(Dataset records begins)

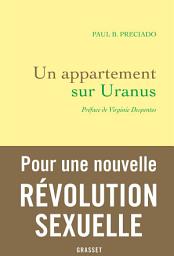 Icon image Un appartement sur Uranus: Préface de Virginie Despentes
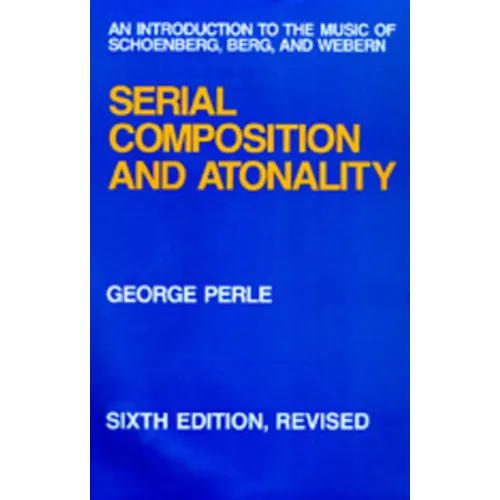 Serial Composition and Atonality: An Introduction to the Music of Schoenberg, Berg, and Webern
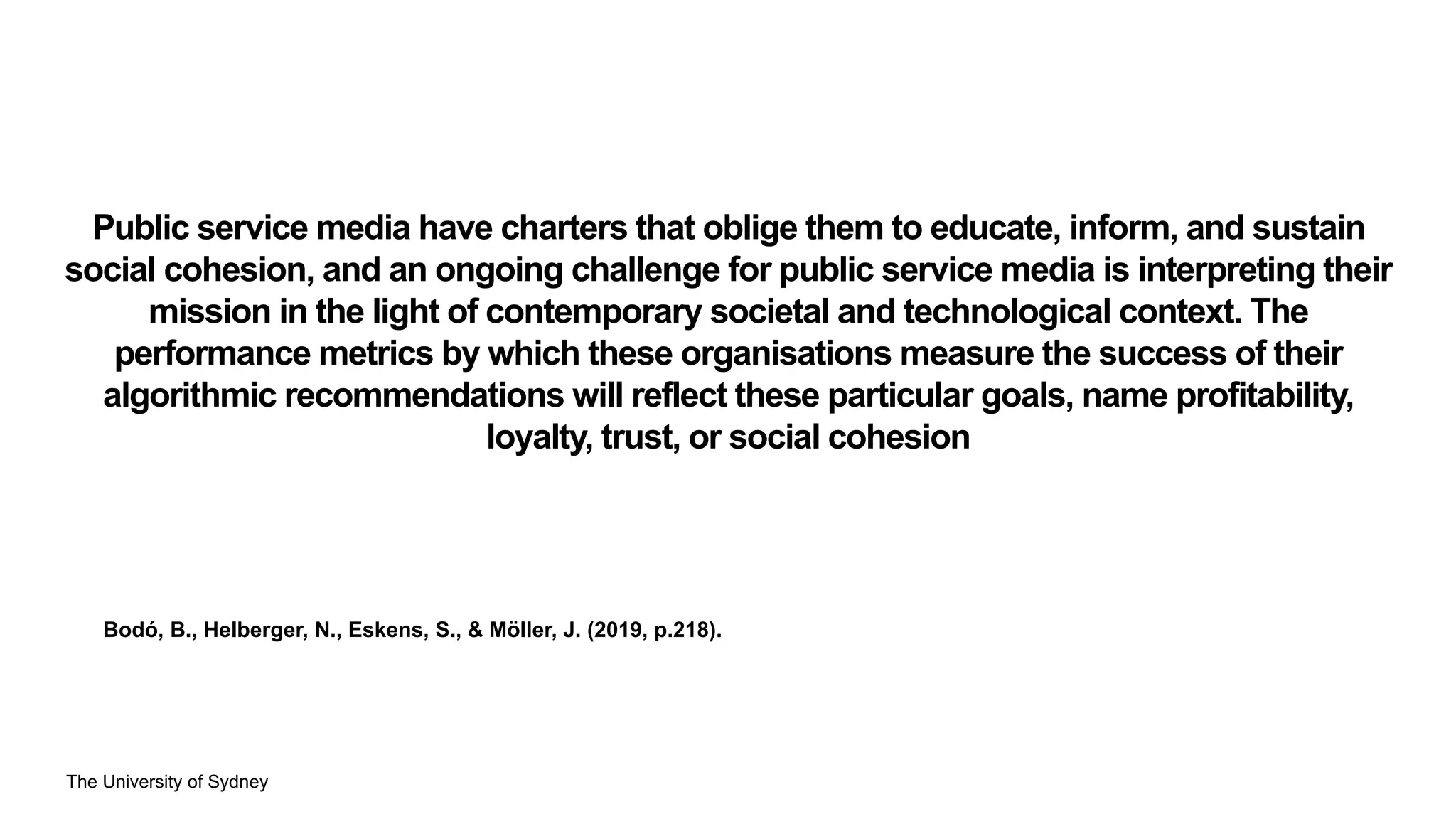 The University of Sydney
Public service media have charters that oblige them to educate, inform, and sustain
social cohesion, and an ongoing challenge for public service media is interpreting their
mission in the light of contemporary societal and technological context. The
performance metrics by which these organisations measure the success of their
algorithmic recommendations will reflect these particular goals, name profitability,
loyalty, trust, or social cohesion
Bodó, B., Helberger, N., Eskens, S., & Möller, J. (2019, p.218).
 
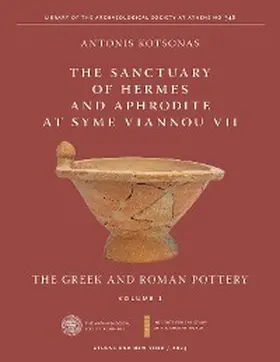 Kotsonas |  The Sanctuary of Hermes and Aphrodite at Syme Viannou VII, Vol. 1 | eBook | Sack Fachmedien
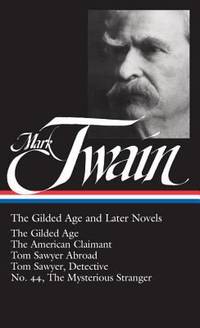 The Twain : The Gilded Age and Later Novels - The Gilded Age; the American Claimant; Tom Sawyer...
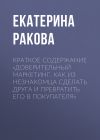 Книга Краткое содержание «Доверительный маркетинг. Как из незнакомца сделать друга и превратить его в покупателя» автора Екатерина Ракова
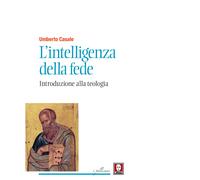 L'intelligenza della fede. Introduzione alla teologia - 2018 - Li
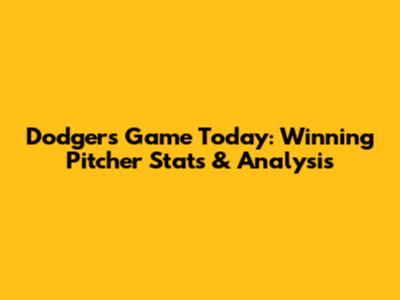 Dodgers Game Today: Winning Pitcher Stats & Analysis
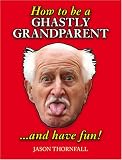 How to be a Ghastly Grandparent...and Have Fun!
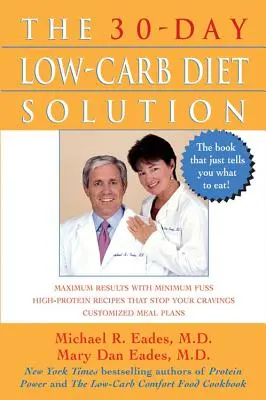 Třicetidenní dieta s nízkým obsahem sacharidů - The 30-Day Low-Carb Diet Solution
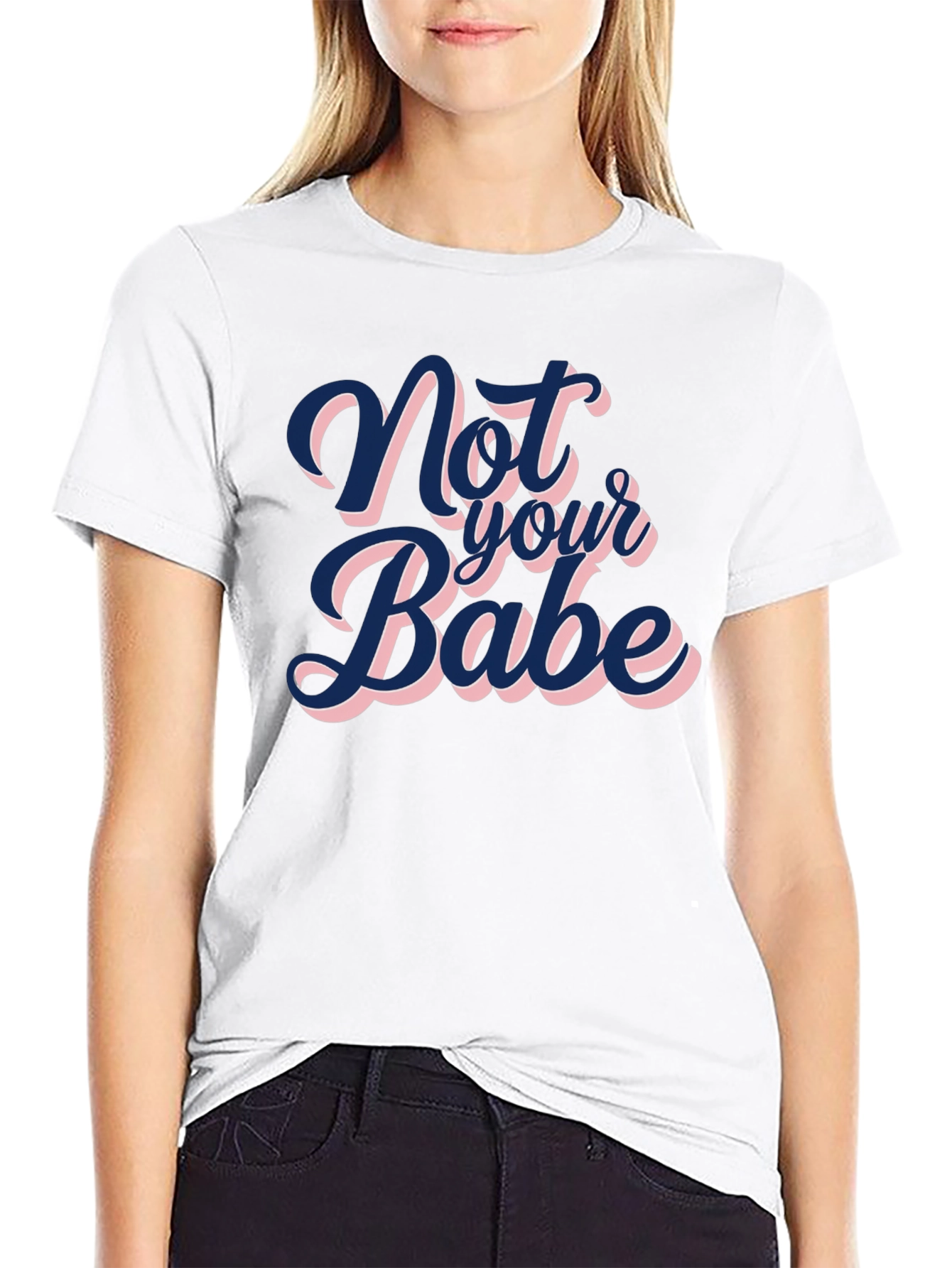 Not Your Babe Graphic Tee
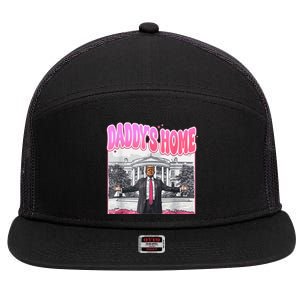 Daddys Home Trump 2024 7 Panel Mesh Trucker Snapback Hat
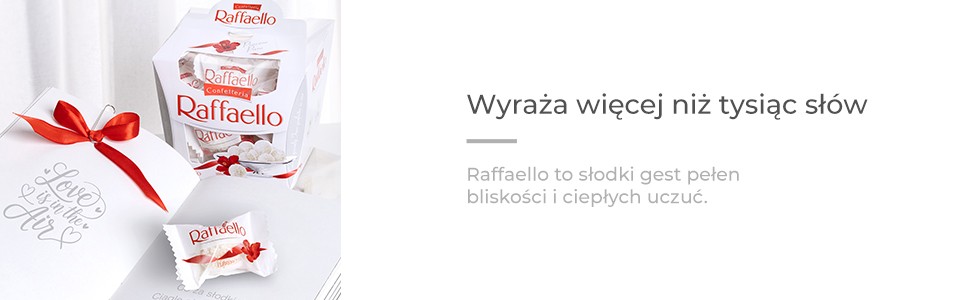 Wyraża więcej niż tysiąc słów.Raffaello to słodki gest pełen bliskości i ciepłych uczuć. 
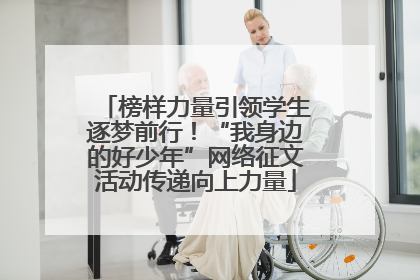 榜样力量引领学生逐梦前行！“我身边的好少年”网络征文活动传递向上力量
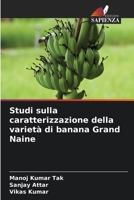 Studi sulla caratterizzazione della varietà di banana Grand Naine (Italian Edition) 6209990142 Book Cover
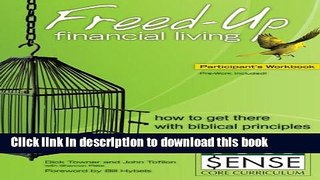 Download Books Freed-Up Financial Living Participant s Workbook: How to Get There Using Biblical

(Dataset records ends)

* [What to do] All of the records above should be returned exactly, though the pictures should not.

* [Answer to this exercise]
 Icon image Un appartement sur Uranus: Préface de Virginie Despentes
 Serial Composition and Atonality: An Introduction to the Music of Schoenberg, Berg, and Webern
 The University of Sydney
Public service media have charters that oblige them to educate, inform, and sustain
social cohesion, and an ongoing challenge for public service media is interpreting their
mission in the light of contemporary societal and technological context. The
performance metrics by which these organisations measure the success of their
algorithmic recommendations will reflect these particular goals, name profitability,
loyalty, trust, or social cohesion
Bodó, B., Helberger, N., Eskens, S., & Möller, J. (2019, p.218).
 
 Kotsonas |  The Sanctuary of Hermes and Aphrodite at Syme Viannou VII, Vol. 1 | eBook | Sack Fachmedien
 The Twain : The Gilded Age and Later Novels - The Gilded Age; the American Claimant; Tom Sawyer...
 Книга Краткое содержание «Доверительный маркетинг. Как из незнакомца сделать друга и превратить его в покупателя» автора Екатерина Ракова
 L'intelligenza della fede. Introduzione alla teologia - 2018 - Li
 Dodgers Game Today: Winning Pitcher Stats & Analysis
 How to be a Ghastly Grandparent...and Have Fun!
 Třicetidenní dieta s nízkým obsahem sacharidů - The 30-Day Low-Carb Diet Solution
 Not Your Babe Graphic Tee
 Daddys Home Trump 2024 7 Panel Mesh Trucker Snapback Hat
 Wyraża więcej niż tysiąc słów.Raffaello to słodki gest pełen bliskości i ciepłych uczuć. 
 榜样力量引领学生逐梦前行！“我身边的好少年”网络征文活动传递向上力量
 Studi sulla caratterizzazione della varietà di banana Grand Naine (Italian Edition) 6209990142 Book Cover
 Download Books Freed-Up Financial Living Participant s Workbook: How to Get There Using Biblical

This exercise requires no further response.